Scott's role in the transactions eludes easy categorization. The "Service Contract," appended as exhibit 1 to the complaint, contained a clause explicitly describing Scott, Inc., as an independent contractor; other provisions, however, tended to create an agency relationship. For example, Scott, [206 Cal. App. 3d 732] Inc., was bound to comply with all written instructions of the bank relating to the notes and remained responsible for collecting payments due on the notes and providing the bank with relevant financial information. Under these allegations, the existence of an agency was a question of fact to be resolved at trial. But can it be inferred that the agency relationship was that of a real estate broker? Business and Professions Code section 10131 provides: "A real estate broker within the meaning of this part is a person who, for a compensation or in expectation of a compensation, regardless of the form or time of payment, does or negotiates to do one or more of the following acts for another or others: ... (e) Sells or offers to sell, buys or offers to buy, or exchanges or offers to exchange a real property sales contract, or a promissory note secured directly or collaterally by a lien on real property or on a business opportunity, and performs services for the holders thereof." Scott, Inc., dealt with promissory notes secured by a lien on real property, and it was compensated by receiving the spread between the interest rate payable to the original holder of the notes and the reduced interest rate payable to the purchaser of the notes. The complaint does not allege, however, that Scott, Inc., acted "for another or others" in dealing with the promissory notes. It alleges rather that Scott, Inc., itself was "in the business of making distress loans at high rates of interest ...." This allegation in itself indicates only that the corporation acted as a lender engaged in selling loans to other lenders.

The power of attorney, appended as exhibit 2 to the complaint, unquestionably created an agency relationship, broadly authorizing Scott to act in the bank's behalf, but we must again inquire whether Scott acted as a real estate broker. [3] A power of attorney with respect to real estate may be exercised by a person not possessing a real estate broker's license. Business and Professions Code section 10133 specifically provides: "(a) The acts described in Section 10131 are not acts for which a real estate license is required if performed by: ... (2) A person holding a duly executed power of attorney from the owner of the real property with respect to which the acts are performed." However, if a power of attorney actually contemplates real estate brokerage services, the courts will look to the substance of the agreement. For example, a person cannot evade the licensing requirements of the Real Estate Act by the device of securing powers of attorney from prospective clients. (Richardson v. Roberts (1962) 210 Cal. App. 2d 603, 607 [26 Cal. Rptr. 829].)

[2b] Under the power of attorney at issue here, Scott agreed that, if Barclays should purchase the property on foreclosure, he would "use best efforts to sell or otherwise dispose of the above-described property with all reasonable speed upon terms and conditions prevailing in the market at that time, ..." The language authorizes Scott to perform acts "for another" [206 Cal. App. 3d 733] that fall within the description of real estate brokerage.
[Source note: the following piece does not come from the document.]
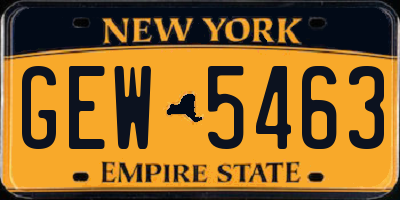 NY license plate GEW5463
Business and Professions Code section 10131, subdivision (a), defines a real estate broker as a person who "[s]ells or offers to sell, buys or offers to buy, solicits prospective sellers or purchasers of, solicits or obtains listings of, or negotiates the purchase, sale or exchange of real property or a business opportunity." fn. 1 But did Scott in fact act as a broker? Though authorized to do so, he may have retained the services of other real estate brokers rather than acting himself in that capacity. The complaint is obscure on this point. It does allege, however, that Scott advertised the property by posting a "For Sale" sign with his telephone number. This allegation supports an inference that he acted in a professional capacity.

The allegations concerning the power of attorney also present the question whether Scott acted "for a compensation or in expectation of a compensation" within the meaning of Business and Professions Code section 10131. Under the power of attorney, he was not entitled to a commission in marketing the property. The Service Contract, however, broadly required him to comply with the Bank's instructions regarding its investments in secured promissory notes. Since this contract established a remunerative relationship between Scott and Barclays, it may be inferred that actions taken under it, such as exercising the bank's power of attorney, were done with the expectation of personal gain and thus were "for compensation" within the meaning of section 10131.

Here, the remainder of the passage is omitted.